-- SUPPLIED MATERIAL follows --
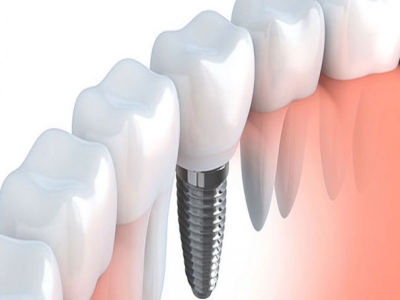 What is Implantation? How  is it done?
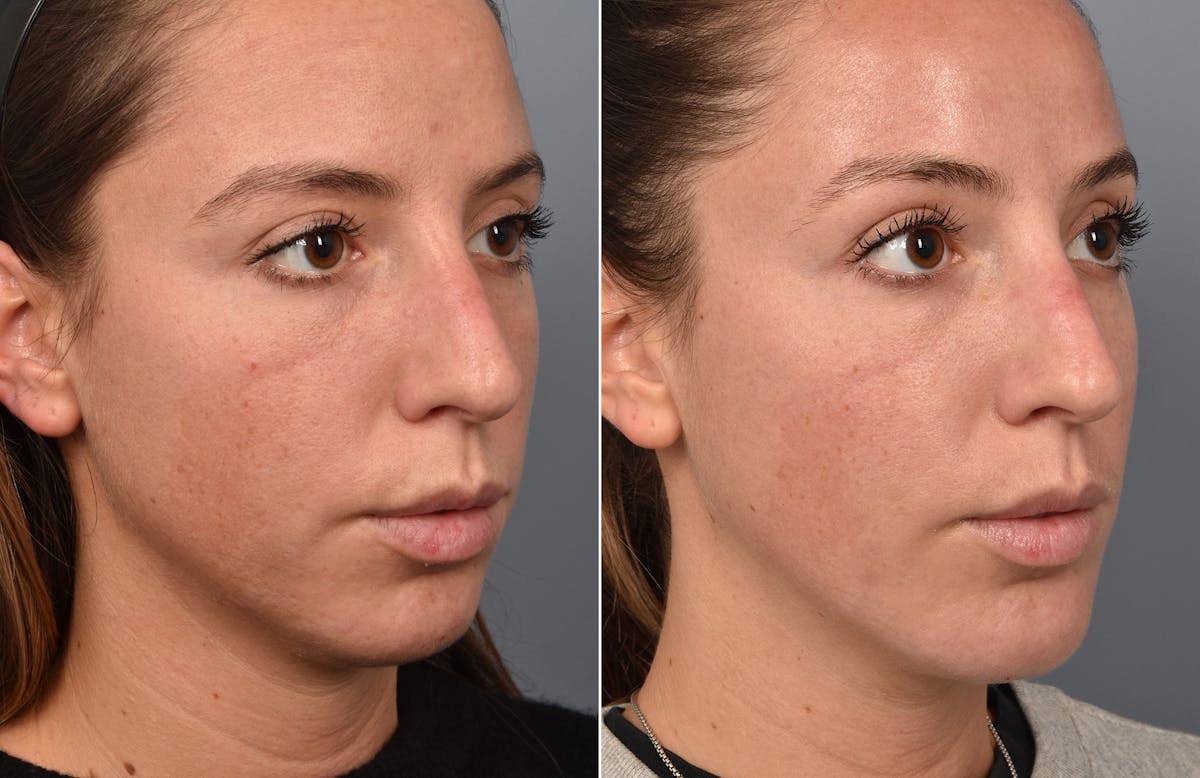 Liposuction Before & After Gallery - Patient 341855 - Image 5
-- SUPPLIED MATERIAL concluded --
-- SUPPLIED MATERIAL follows --
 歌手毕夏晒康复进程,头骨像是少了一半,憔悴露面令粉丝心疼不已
-- SUPPLIED MATERIAL concluded --
-- SUPPLIED MATERIAL follows --
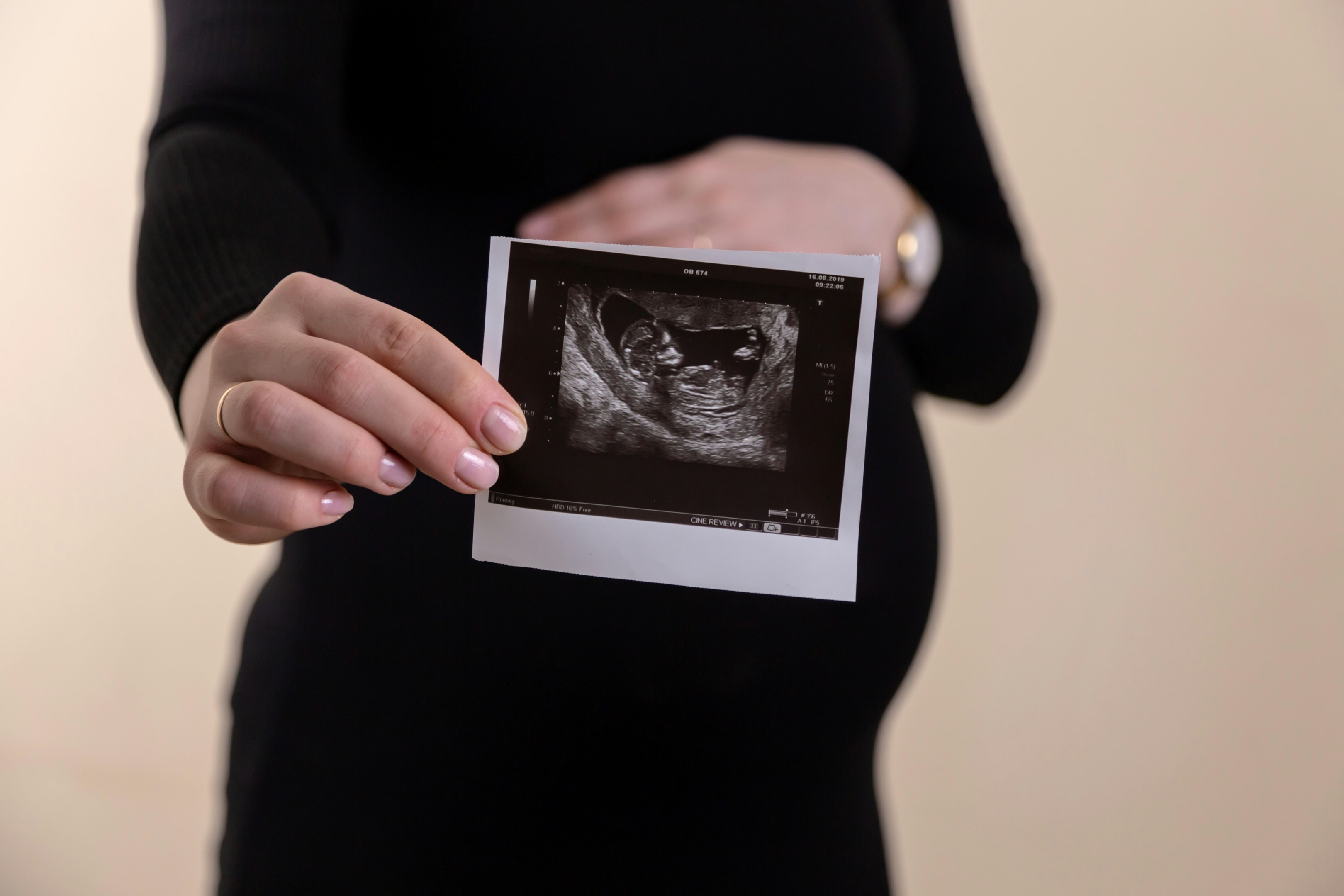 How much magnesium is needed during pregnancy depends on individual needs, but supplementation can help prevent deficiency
-- SUPPLIED MATERIAL concluded --
TASK ITEM:
Look above for the line with "What is Implantation?" and the line with "Liposuction Before &". Copy them and every line between, exactly, but no pictures.

WRITTEN REPLY:
 What is Implantation? How  is it done?
 Liposuction Before & After Gallery - Patient 341855 - Image 5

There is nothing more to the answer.